DATA EXTRACTS
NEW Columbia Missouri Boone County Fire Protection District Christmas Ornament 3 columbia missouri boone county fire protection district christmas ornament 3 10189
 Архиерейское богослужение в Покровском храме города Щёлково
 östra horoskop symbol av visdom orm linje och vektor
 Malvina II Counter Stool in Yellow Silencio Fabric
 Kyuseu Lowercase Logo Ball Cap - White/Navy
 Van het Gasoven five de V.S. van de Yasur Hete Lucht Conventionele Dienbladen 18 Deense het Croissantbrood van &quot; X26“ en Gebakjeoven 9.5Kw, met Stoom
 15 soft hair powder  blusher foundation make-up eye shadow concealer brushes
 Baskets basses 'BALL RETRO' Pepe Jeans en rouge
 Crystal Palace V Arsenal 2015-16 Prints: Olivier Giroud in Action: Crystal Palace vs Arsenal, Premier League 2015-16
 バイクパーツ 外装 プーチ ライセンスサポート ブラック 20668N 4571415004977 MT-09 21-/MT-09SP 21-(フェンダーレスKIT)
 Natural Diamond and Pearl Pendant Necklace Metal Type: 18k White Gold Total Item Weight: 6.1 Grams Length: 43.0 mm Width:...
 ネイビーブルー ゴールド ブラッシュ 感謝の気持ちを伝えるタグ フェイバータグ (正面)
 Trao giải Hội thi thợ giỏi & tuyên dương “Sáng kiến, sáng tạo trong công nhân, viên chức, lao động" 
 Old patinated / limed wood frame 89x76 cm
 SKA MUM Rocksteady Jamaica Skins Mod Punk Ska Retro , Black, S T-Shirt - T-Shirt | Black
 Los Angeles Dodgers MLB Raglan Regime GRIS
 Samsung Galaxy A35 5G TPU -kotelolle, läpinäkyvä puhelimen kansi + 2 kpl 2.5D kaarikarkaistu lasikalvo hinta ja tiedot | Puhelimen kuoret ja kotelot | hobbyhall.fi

ABOUT THIS EXERCISE
Your task is to copy every entry above, exactly as written.

OUTPUT OF THE EXERCISE
NEW Columbia Missouri Boone County Fire Protection District Christmas Ornament 3 columbia missouri boone county fire protection district christmas ornament 3 10189
 Архиерейское богослужение в Покровском храме города Щёлково
 östra horoskop symbol av visdom orm linje och vektor
 Malvina II Counter Stool in Yellow Silencio Fabric
 Kyuseu Lowercase Logo Ball Cap - White/Navy
 Van het Gasoven five de V.S. van de Yasur Hete Lucht Conventionele Dienbladen 18 Deense het Croissantbrood van &quot; X26“ en Gebakjeoven 9.5Kw, met Stoom
 15 soft hair powder  blusher foundation make-up eye shadow concealer brushes
 Baskets basses 'BALL RETRO' Pepe Jeans en rouge
 Crystal Palace V Arsenal 2015-16 Prints: Olivier Giroud in Action: Crystal Palace vs Arsenal, Premier League 2015-16
 バイクパーツ 外装 プーチ ライセンスサポート ブラック 20668N 4571415004977 MT-09 21-/MT-09SP 21-(フェンダーレスKIT)
 Natural Diamond and Pearl Pendant Necklace Metal Type: 18k White Gold Total Item Weight: 6.1 Grams Length: 43.0 mm Width:...
 ネイビーブルー ゴールド ブラッシュ 感謝の気持ちを伝えるタグ フェイバータグ (正面)
 Trao giải Hội thi thợ giỏi & tuyên dương “Sáng kiến, sáng tạo trong công nhân, viên chức, lao động" 
 Old patinated / limed wood frame 89x76 cm
 SKA MUM Rocksteady Jamaica Skins Mod Punk Ska Retro , Black, S T-Shirt - T-Shirt | Black
 Los Angeles Dodgers MLB Raglan Regime GRIS
 Samsung Galaxy A35 5G TPU -kotelolle, läpinäkyvä puhelimen kansi + 2 kpl 2.5D kaarikarkaistu lasikalvo hinta ja tiedot | Puhelimen kuoret ja kotelot | hobbyhall.fi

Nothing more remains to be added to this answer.